Conor Harrington is fortunate to be able to express himself on walls around the world, but his work seldom goes under the hammer on this side of the Channel.
Conor Harrington (born 1980), Holy Smoke Quintet (Part Four), 2010, oil, acrylic and spray paint on canvas, 152 x 213 cm (59.85 x 83.86 in).
This large work is representative of Conor Harrington's style: a fusion of classical painting and street art reflecting his interest in Renaissance artists and the great masters of expressionism. Man is omnipresent in his baroque, phantasmagorical world, a reinterpretation of past wars.
“I was in Bethlehem and Jerusalem earlier this year and it looks like the Middle East/US/West/Terrorism/Jihad saga is going to go on forever and ever and ever, so I thought this was the right time to stick my oar in […]. I’ve also been reading up a little on the Crusades, so these paintings are something to do with them," says the native of Cork, Ireland. This composition is one of five pieces created for the 2010 show "Hell's Half Acre" at the Old Vic Tunnels in London. The installation’s theme was Dante’s Divine Comedy.
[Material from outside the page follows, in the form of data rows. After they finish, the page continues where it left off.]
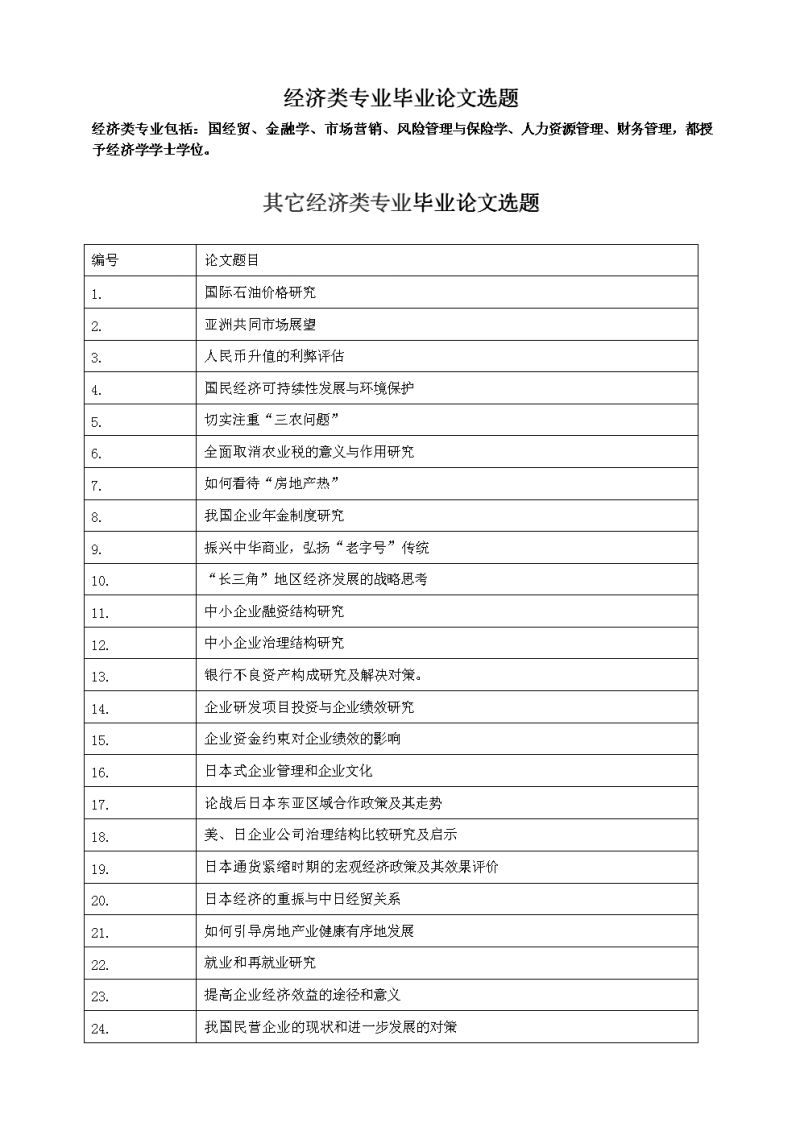 工商大学论文（工商毕业论文题目大）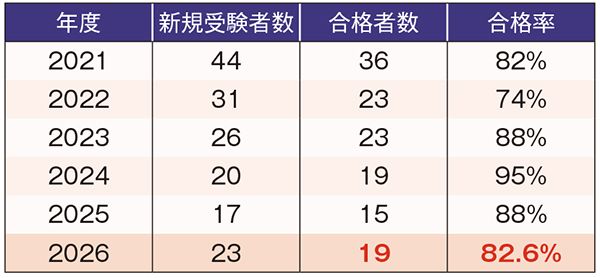 表：過去5年の受験者数と合格者数・合格率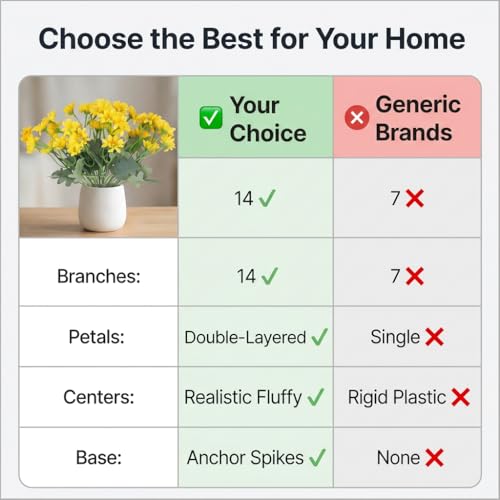 Artificial Flowers for Outdoors with Ground Spikes, 14 Stems Large Daisy Fake Flowers, Silk Faux Flowers for Outdoor Planters, Garden, Porch, Window Box & Cemetery Decor, 6 Bundles(Orange) — view 6
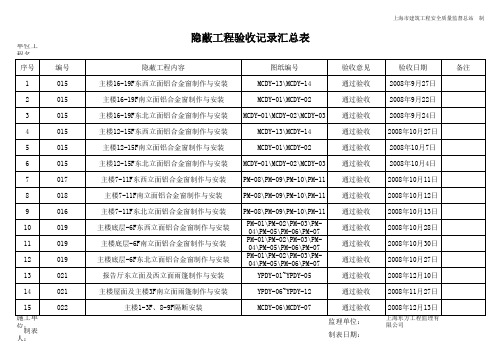 隐蔽工程验收记录汇总表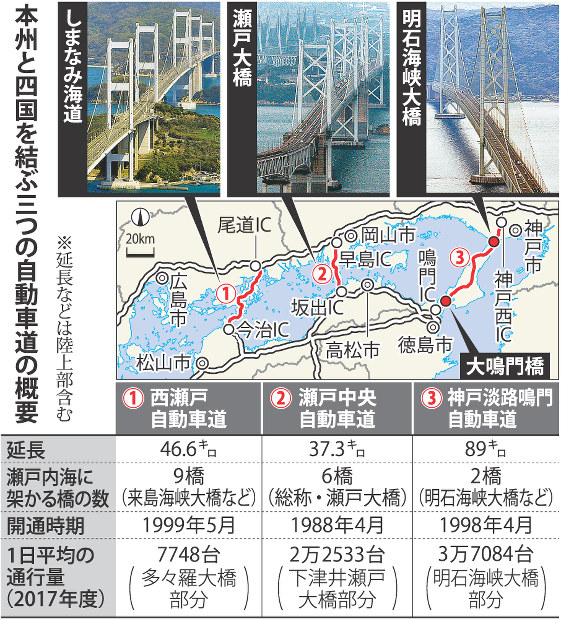 いろいろまとめ売り。新幹線、地方自治法、明石海峡大橋、青函トンネル瀬戸大橋 いろいろまとめ売り。新幹線、地方自治法、明石海峡大橋、青函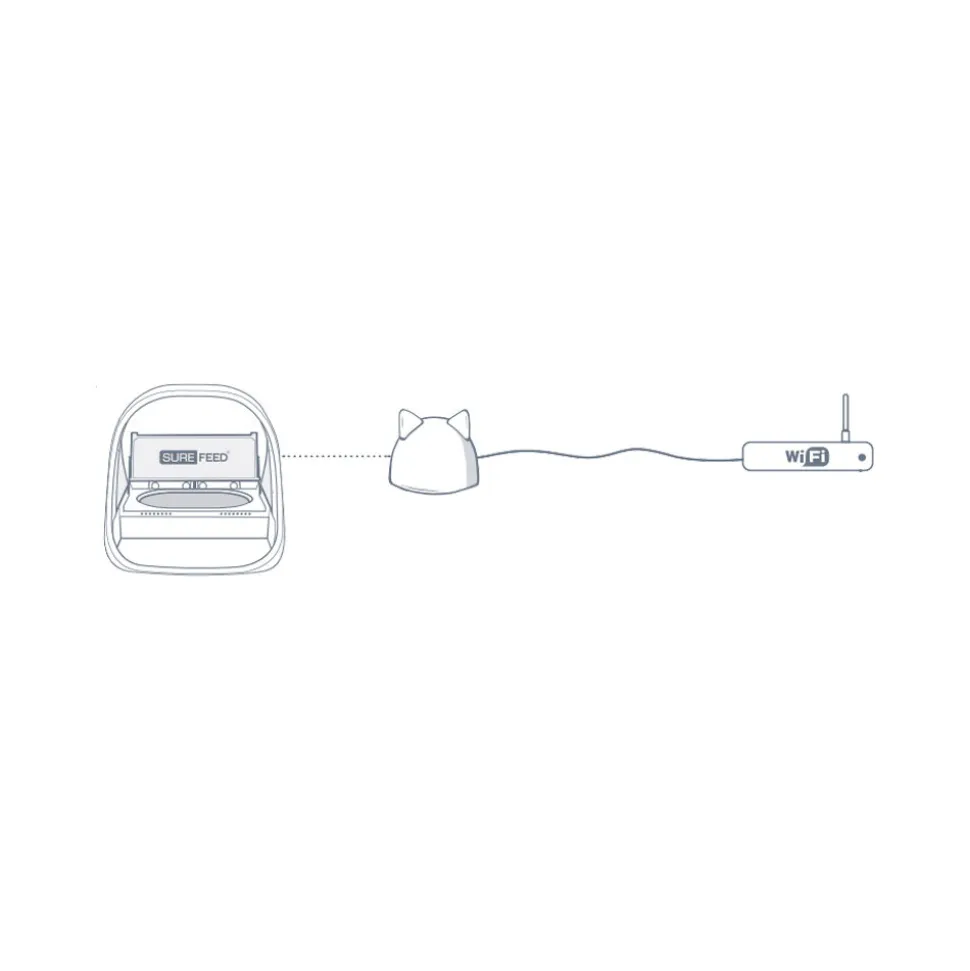 Surefeed Connect Microchip Voerautomaat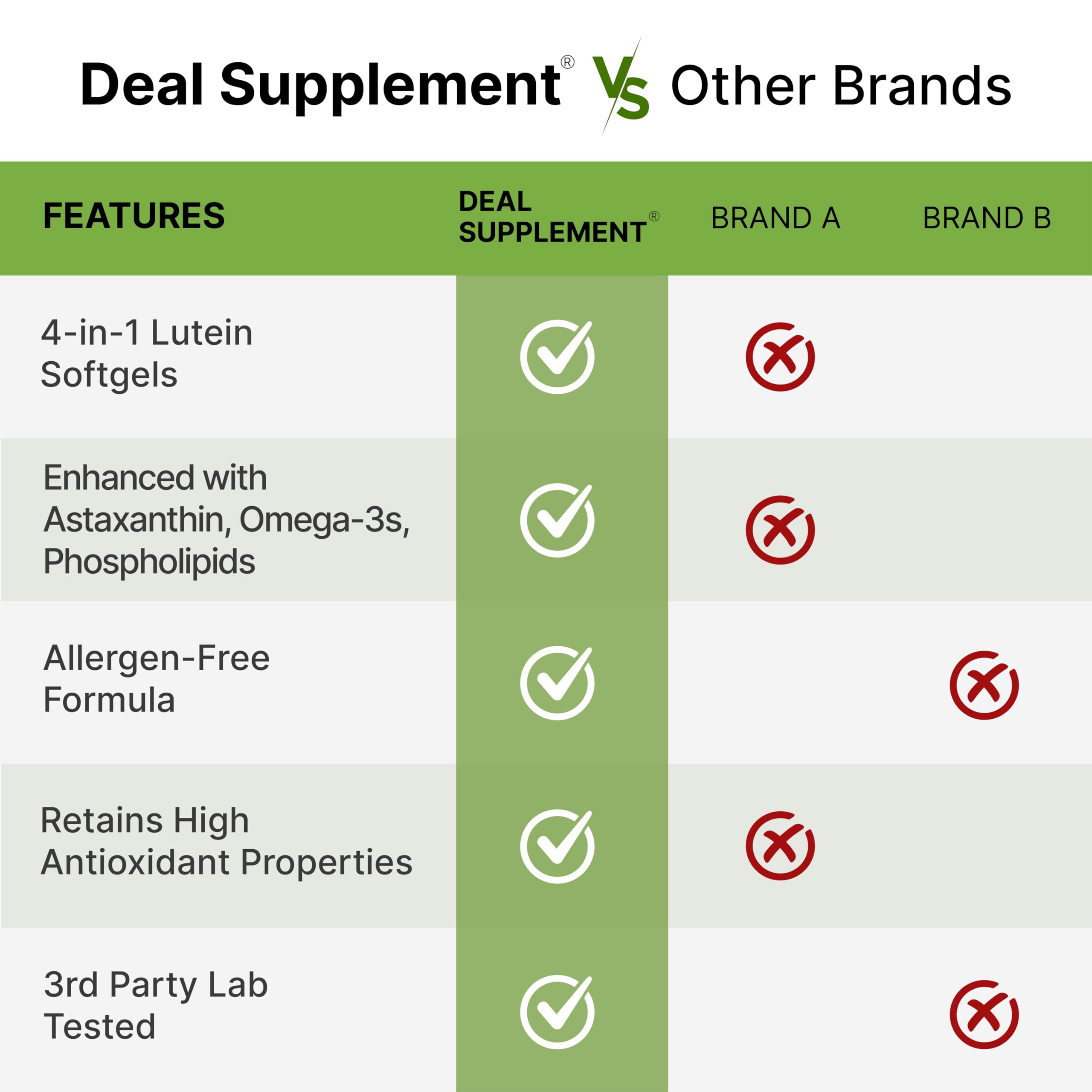 DEAL SUPPLEMENT Astaxanthin 4-in-1 Softgels ingredients list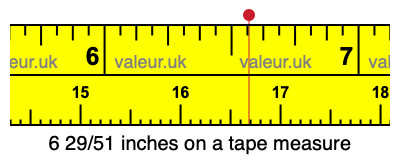 6 29/51 inches on a tape measure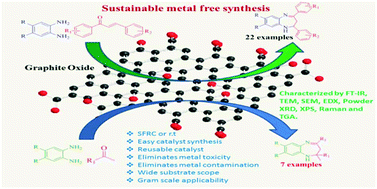 Graphical abstract: Graphite oxide: a metal free highly efficient carbocatalyst for the synthesis of 1,5-benzodiazepines under room temperature and solvent free heating conditions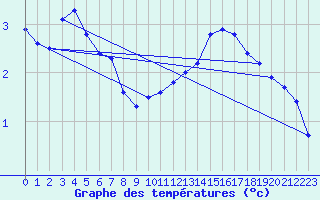 Courbe de tempratures pour Puimisson (34)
Everyone was free to do what they wanted with it.
Two mixed media works by Shepard Fairey deserve special mention: one is on a Gibson guitar dated 2004, Jimi Hendrix Collection, recalling the artist’s passion for the musician (€8,000/12,000), the other, on canvas, Dee Ramone, a 2016 homage to the New York punk rocker who died in 2002 (€45,000/55,000).